Entre o cuidar e a educação dos filhos, vai fazendo trabalhos pontuais, como o projecto de emoções nas escolas que está a desenvolver em Alcanena. Da experiência com os filhos e do contacto com outros pais, o casal foi consolidando a ideia de criar um centro de aprendizagem na aldeia.
Fizeram obras na casa da avó de Leandro, localizada ao lado da sua, e que serve de apoio ao projecto. “Estava vazia. Havia duas utilizações possíveis: turismo ou um espaço onde pudéssemos partilhar com outras famílias esta filosofia de vida. A segunda hipótese levou a melhor”, conta Susana.
O projecto dá ainda os primeiros passos, mas o casal acredita que pode funcionar. Uma das primeiras iniciativas acontece este domingo, dia 15, com uma actividade de playgroup, que mais não é do que uma tarde de brincadeira entre pais e filhos, que inclui uma sessão sensorial e de mindfulness, contacto com animais e um concerto.

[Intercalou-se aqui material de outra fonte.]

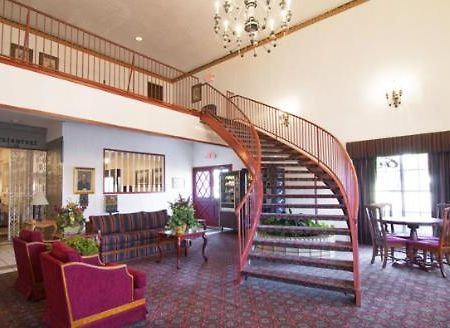 Americas Best Value Inn Техаркана Экстерьер фото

O brincar ao ar livre será o ‘prato principal’. E Mateus até pode ser um bom guia na exploração do espaço, que conhece como as palmas das mãos e onde dá asas à imaginação. A mãe conta que, um destes dias, construiu uma ventoinha, apenas com um pau, um prego que encontrou no chão e uma flor (jarro). Tem também o seu “esconderijo” de pedras, onde guarda as “mais bonitas” que encontra e iniciou-se agora na caça aos grilos, que depois volta a devolver à natureza.

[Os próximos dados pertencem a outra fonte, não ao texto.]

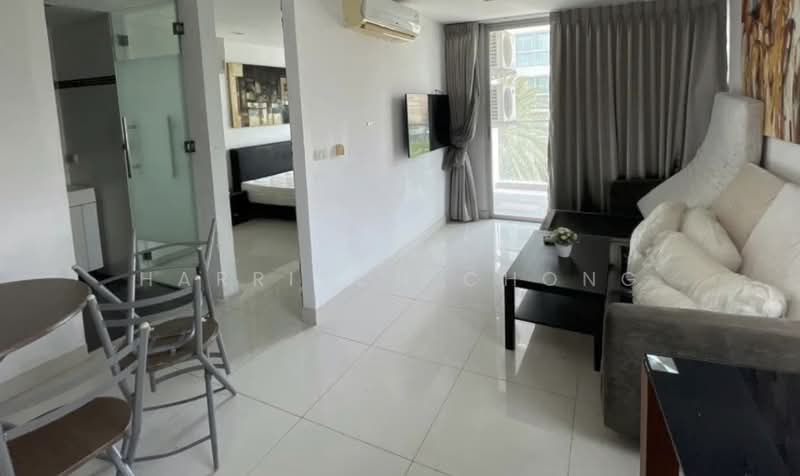 Park Royal 3 condominium, Chon Buri (Pattaya), Soi Phratamnak Phratamnak, Nong Pru, Bang Lamung (Pattaya), Chon Buri (Pattaya), 2 Bedrooms, 100 sqm, Condo For Sale, by Harrison Chong, 500436234 - DDproperty.com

“É um meio estimulante para a aprendizagem e para a criatividade”, alega a mãe, frisando, que, apesar de o filho mais velho não frequentar a escola oficial – o mais novo ainda não tem idade – convive com outras crianças e é “muito sociável”. “Sinto que eles são felizes aqui. E isso é o fundamental”, assume Susana Laranjeiro, que realça ainda a relação inter-geracional criada com a vizinha, que há anos que não tinha outros residentes por perto, e que quer replicar no centro de aprendizagem, com o envolvimento de outras pessoas da aldeia.
Porque, como diz o provérbio africano, “é preciso uma aldeia inteira para educar uma criança”. E a aldeia “também pode ganhar muito com essa relação”, acrescenta Susana Laranjeiro.